MOST agricultural production takes place in the rural parts of the country due to uneven development.

CHRISTINE CHISHA, Addis Ababa, Ethiopia
DESPITE many African countries claiming that agriculture is the backbone of their countries, a gathering of more than 20 journalists from different nations in Addis Ababa, Ethiopia came out with a hazy picture.

The picture revealed a crisis of agriculture on the continent from government policies, journalists’ response and climate change.
Most agricultural production takes place in the rural parts of the country due to uneven development.
Urban areas in a number of African countries are developing at a faster rate than rural areas, creating rampant rural-urban migration.
It is estimated that by the year 2040, the urban population in Africa will be three times more, as a result of this phenomenon.
The declining population of youths who are the most productive of the labour force in the rural areas threatens agricultural growth.
For farming to be a business, the commodity market and prices ought to be guaranteed.
One of the most common complaint in Zambia is the smallholder farmers’ poor access to the market.
To end this, Zambia is pursuing a programme of reinvigorating rural development and ‘taking the cities’ to the rural areas through establishing new districts there.
India’s Down To Earth magazine, managing editor, Richard Mahapatra, notes that close to 70 percent of Africa countries are net food importers today, with cereals at the top of agricultural imports. Africa’s agriculture is predominantly rain-fed and driven by the small scale farmers.

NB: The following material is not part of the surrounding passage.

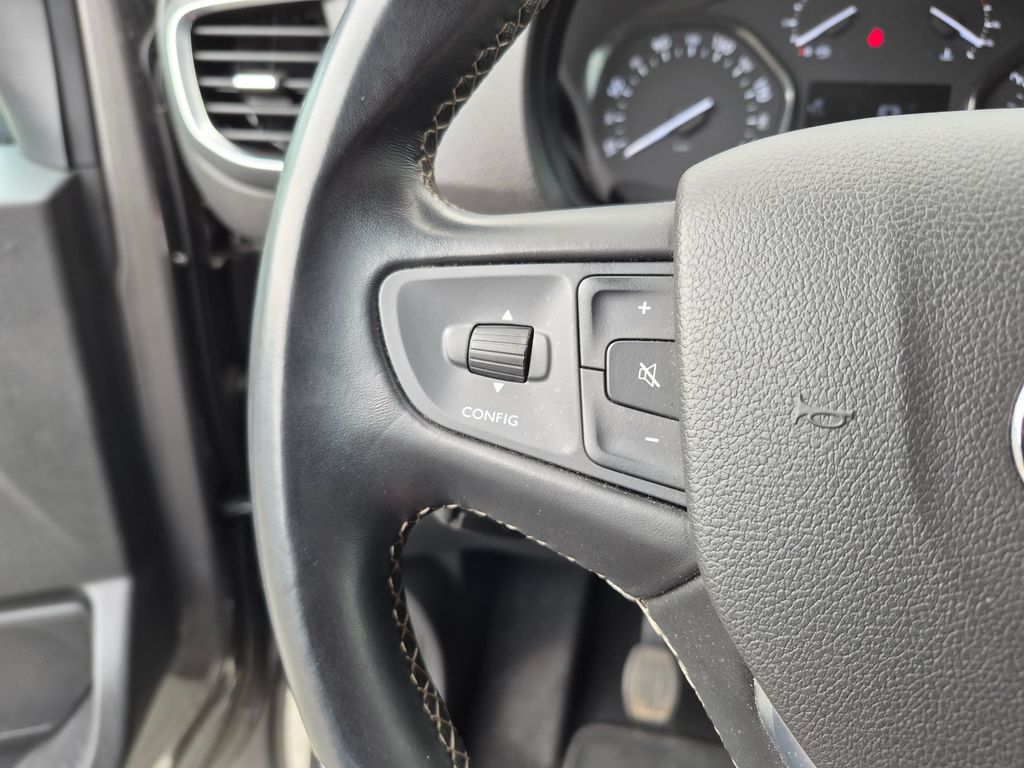 toyota-proace-verso-family-2-0-d-4d-106kw - 9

This makes the region highly vulnerable to climate change and coupled with the changing rainfall patterns and degrading land, productivity of the continent’s farmlands is bound to face a setback.
Centre for Science and Environment (CSE) Director Souparno Banerjee, said Africa is a vast area, with immense diversity in peoples, customs, problems as well as solutions.

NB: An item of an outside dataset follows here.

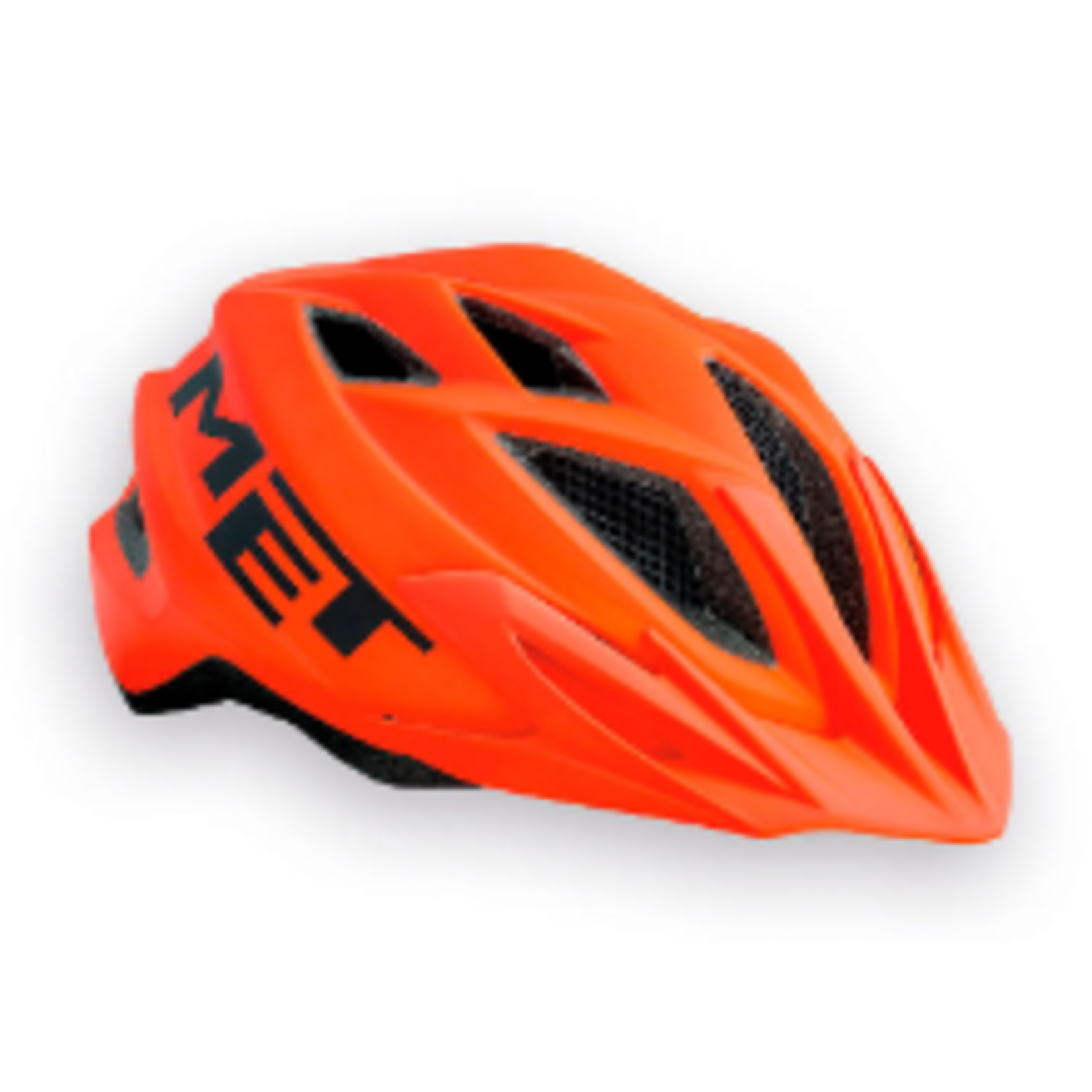MET Helmets MET Crackerjack Youth Helmet 52 - 57cm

“We wish to learn and understand agriculture in Africa and help focus attention on the key issues. The fundamental idea behind nurturing this association between Africa and India is our belief that as nations and peoples of the Global South, our environmental concerns are similar.
“We can, therefore, share learnings and experiences and work together towards solutions. And the media, with its capacity to influence opinions and drive change, can be a very important cog in this wheel,” Mr Souparno said.

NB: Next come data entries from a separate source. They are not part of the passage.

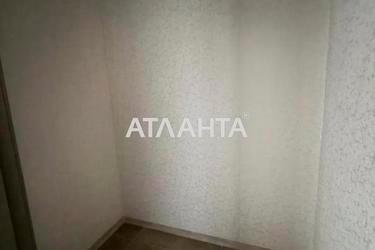 1-комнатная квартира по адресу Глушко ак. Пр. (площадь 35,2 м²) - Atlanta.ua - фото 8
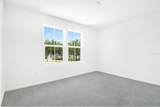 824 Lake Dell Road - Photo 12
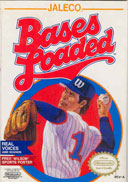 Bases Loaded
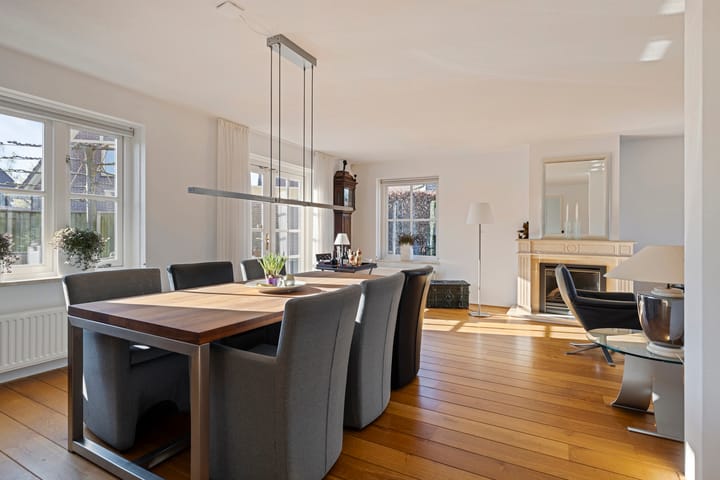 Foto 8 van Deldensestraat 100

The sentiments by Mr Souparno posed a challenge to African journalists to report about agriculture because it is a sector proving to be a means for the continent to escape poverty.
AgroNigeria chief executive officer Richard Mbaram said it should be the role of every journalist to report on agriculture so that the public can be informed on how they can escape poverty through agriculture.
“Agriculture on the African continent is the best healthy secret and the job of the journalist is to bring out stories that paint agriculture as a business and best suited to improve the nutrition of African citizens,” he said.
The last ten years Africa has made a strong case for agriculture as the surest path to producing sustainable economic growth that is felt in all sectors of society.
Many governments face significant budget constraints and far too many farming families continue to lack basic inputs, like improved seed or fertilizers.
This prompted Mr Mbaram, to put the blame on African governments for not paying attention to the agriculture sector.
Mr Mbaram said it is sad that Africa is a continent that spends billions of money on importing food it can produce.
Mr Mbaram said it is time journalists and policy makers changed its attitude towards agriculture especially that there is empirical evidence that investment in agriculture has 12 times the impact on poverty alleviation compared to investment in any other sector.
Environmental Communication expert and former BBC presenter Uduake Amimo said journalists, as leaders, should develop an interest and specialisation in reporting on agriculture.
“We as journalists are conveyers of information and it is high time we started writing stories that are interesting and attract readers.
“The agriculture sector is the panacea to the pervasive poverty that has been inherent in the rural areas of the African continent,” she said.
Ms Amimo said the crisis that the continent is facing is that there is no accountability by both journalists and policy makers even when the continent has been warned about droughts and floods.
She said there is also need for media organisations to train journalists to specialise in agriculture and set up desks in newsrooms.
Ms Amimo also challenged journalists to write in-depth articles that connect agriculture, nutrition and public health.
She urged African journalists to also write stories that promote private participation in agricultural markets for inputs.
Africa is the only continent in the world that imports more food than it produces, despite having the potential to feed the whole world; and the cost of the food it imports is so high that it cannot invest in other welfare activities.
However Africa is no longer in the dark. It has done a lot towards agricultural transformation in the past decade. But there is a need to double the effort by 2030 for a meaningful agricultural transformation.